Housebreaking the kid
She kept asking to go to the bathroom (which has been going on for a while now), but the thing is - she never pees. She says she went, waves a huge wad of toilet paper in the vicinity of her privates, and flushes it in the big potty. The flushing seems to be the focal point for her. Our water bill is going to be three trillion dollars this month.
So on Saturday afternoon we decided just to leave her pants off. We figured either she'd go in the potty or she'd pee on the floor. I've been fostering dogs for over seven years so it's not like my carpet is not acquainted with urine. And wonder of wonders - she peed in the potty! She wanted to tell her Meemaw about it so we called my mom and A delivered the big news. Then we called her Aunt Craggy (Craggy is not my sister's name but that's what A calls her - I have no idea why) so that she could share the good news again.
After church today we repeated the same scene. No pants = ease of potty usage. P was busy watching football so he tried to engage her in ways that could allow him to keep watching. He asked her if she wanted to play catch with her plastic ball. A grabbed the ball and threw it to him. "Do you wanna catch my gyna?" she asked. Without missing a beat her father said, "No, I don't want to catch your gyna." So they continued to toss the ball back and forth while he watched the game out of the corner of his eye.
Living with a two-year-old really does feel like living in a mental ward sometimes. She says things that cause us to look at each other like, "What the?" I decided to take myself to a movie this afternoon and the kid really wanted to come with me. So she threw on her shoes and started towards the door. Now, keep in mind that she is wearing a shirt, some socks, some shoes and some Elmo stickers. And that's it.
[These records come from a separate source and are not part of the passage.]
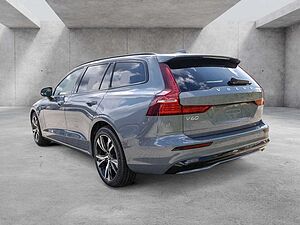 Volvo  B4 Plus Dark MEMORY PDC SHZ KAMERA LED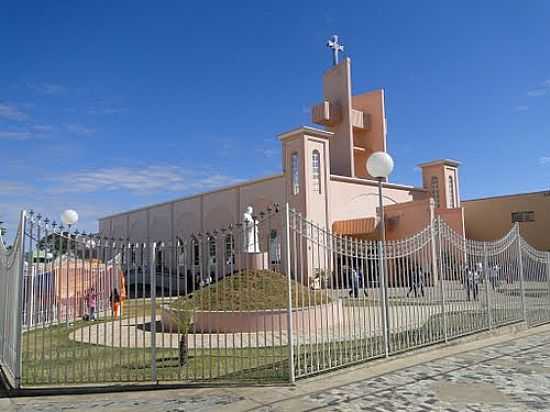 IGREJA MATRIZ DE JOO PINHEIRO-FOTO:PAULO NORONHA - JOO PINHEIRO - MG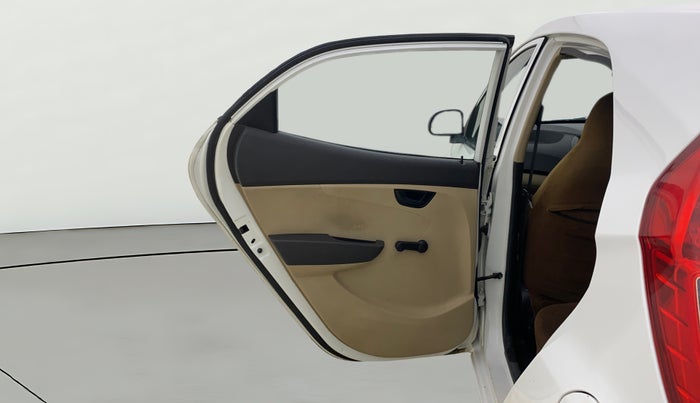 2015 Hyundai Eon ERA +, Petrol, Manual, 69,409 km, LHS Rear Door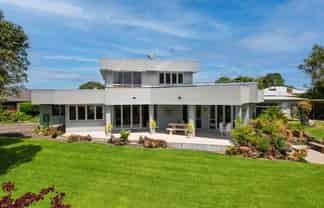 19 F Lowry Road, Kaiaua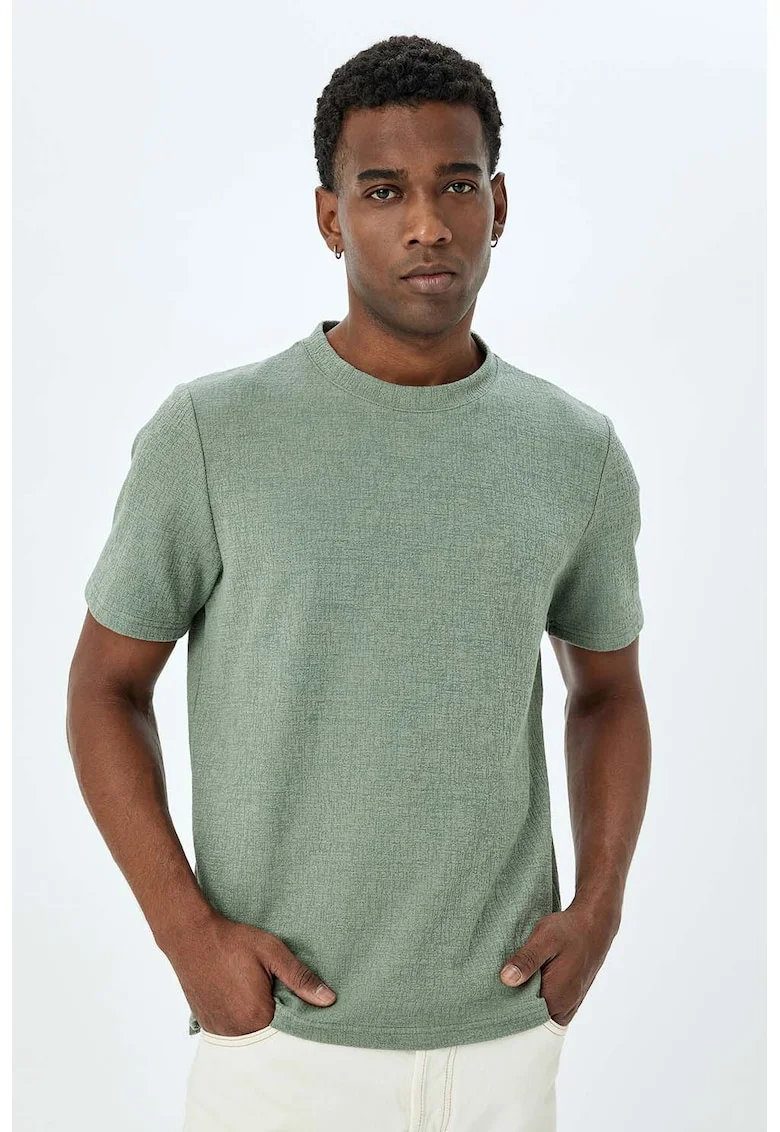 Tricou cu decolteu la baza gatului si model uni, Verde pal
So anyway, that's another little milestone under our collective belts. I know she isn't housebroken by any means. But I figure that if I can train dozens of dogs, I can get the kid trained, too. I wish I could just keep shoving her outside and then praising her when she pees in the grass, but I suspect the child protective people might show up if I did that. When she was first born I accidentally said I was taking her to the veterinarian a few times. And I have been known to tell her "Leave it!" (a common dog training command) and to praise her with "Good girl!" My friend Dave (keep in mind that most of my friends volunteer for the same rescue) once admitted that he had referred to his arms as his forelegs.